Gender differences have received substantial attention in the peer relations literature. For example, in her account of how gender affects development from infancy through adulthood, Maccoby (1998) suggested that there are qualitative differences in the nature and significance of friendships for boys and girls, with friendships playing a more meaningful role in the lives of girls. Maccoby (1998) also contended that girls' interactions place priority on the building of interpersonal connections, whereas boys' interactions focus more on the development of individual status or standing within a group. There is evidence that during early childhood girls enjoy dyadic interactions with friends more than do boys (Benenson, 1993) and that during the fourth and fifth grades girls value attributes that are important in relationships with a select group of friends, whereas boys value attributes that are important to standing within the larger peer group (Benenson, 1990). In work with third- through fifth-graders, Parker and Asher (1993) found that girls were more likely to report intimate exchange, validation, caring, help, guidance, closeness, and security within their friendships than were boys. Hence, one can infer that friendships may offer an important source of social support for girls to buffer against various social stressors.
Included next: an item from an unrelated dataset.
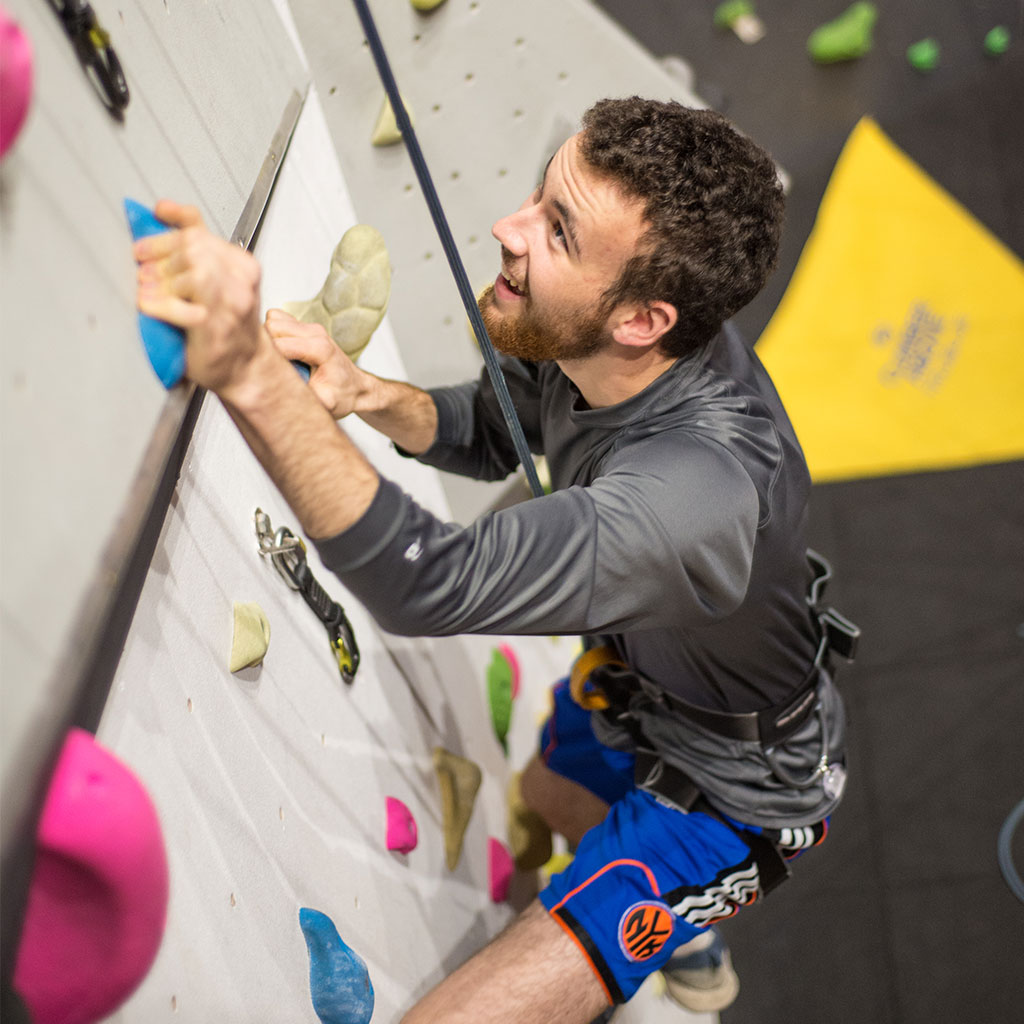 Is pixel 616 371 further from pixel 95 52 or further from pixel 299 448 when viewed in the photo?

In light of such research, friendship may be an especially important developmental niche to explore among girls. To date, there are gaps in our knowledge of the benefits of girls' friendships in particular, and the distinct relations between friendship quality and sociometric status have not been carefully investigated for girls specifically. Recent work by Zarbatany, Conley, and Pepper (2004) suggests that boys (M age = 11.87) and men (M age = 19.5) are more likely than girls and women to use friendships to gain status within the larger peer group. Thus, it is possible that these two peer domains may be more strongly linked for boys than for girls, suggesting that it may be especially important to study the domains separately for girls. For the purpose of studying rejection, we chose girls because previous observational work on peer rejection has been predominantly with boys.
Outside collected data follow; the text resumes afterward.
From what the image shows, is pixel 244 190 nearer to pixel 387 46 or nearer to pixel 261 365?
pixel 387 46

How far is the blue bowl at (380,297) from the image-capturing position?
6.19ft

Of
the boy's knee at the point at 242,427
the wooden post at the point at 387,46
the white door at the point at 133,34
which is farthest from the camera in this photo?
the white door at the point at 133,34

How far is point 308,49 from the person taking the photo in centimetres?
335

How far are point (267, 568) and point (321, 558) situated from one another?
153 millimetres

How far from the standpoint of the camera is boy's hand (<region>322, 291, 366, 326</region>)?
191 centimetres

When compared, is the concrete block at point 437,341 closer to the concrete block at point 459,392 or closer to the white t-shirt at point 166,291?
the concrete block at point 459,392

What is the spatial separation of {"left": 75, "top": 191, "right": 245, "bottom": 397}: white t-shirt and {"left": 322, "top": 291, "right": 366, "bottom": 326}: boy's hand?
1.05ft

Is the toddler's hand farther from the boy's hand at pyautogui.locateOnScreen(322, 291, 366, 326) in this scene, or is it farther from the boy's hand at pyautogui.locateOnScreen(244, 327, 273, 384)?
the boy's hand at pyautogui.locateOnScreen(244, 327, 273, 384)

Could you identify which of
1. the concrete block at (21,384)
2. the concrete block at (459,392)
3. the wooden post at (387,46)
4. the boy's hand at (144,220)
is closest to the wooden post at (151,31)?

Links between Status in the Peer Group and Dyadic Friendships

Most researchers who examine the influence of peers on children's development study either sociometric status within the peer group as a whole or dyadic friendship qualities rather than both contexts together. Some exceptions reveal that important information can be gained by investigating these contexts jointly. For example, although most rejected children do have friends, albeit fewer than nonrejected children (Attili, Vermigli, & Schneider, 1997; Ray, Cohen, Secrist, & Duncan, 1997), there is evidence that these friendships differ from those of other children. George and Hartmann (1996) found that friends of low-accepted children were likely to be younger, from outside of school, and less accepted themselves than were the friends of more accepted children. In addition, over time the friendships of high-accepted children were more stable than were the friendships of low-accepted children (George & Hartmann, 1996). There is some evidence that low-accepted children also report that their friendships are more conflictual than do other children (Parker & Asher, 1993). However, other evidence suggests that although aggressive-rejected children report more conflict in their friendships than do nonaggressive-rejected or average children, nonaggressive-rejected children do not differ from average children in perceptions of the qualities of relationships with friends (Patterson, Kupersmidt, & Griesler, 1990).

Interestingly, Brendgen, Little, and Krappmann (2000) found that the concordance between second- through fifth-grade friends' reports of their friendship quality varied as a function of the children's sociometric status, with rejected children's and their friends' perceptions diverging more than the perceptions of average or popular girls and their friends. In addition, rejected children perceived their friendships more positively than did their friends, whereas popular children perceived their friendships less positively than did their friends; average children's and their friends' perceptions did not differ (Brendgen et al., 2000). Brendgen and her colleagues (2000) suggested that these findings might reflect social skill deficits and less interpersonal understanding on the part of rejected children (leading to the lower concordance across friends in perceptions of the relationship if a rejected child was a member of the dyad). It is also possible that these findings reflect ceiling effects for popular children and floor effects for rejected children.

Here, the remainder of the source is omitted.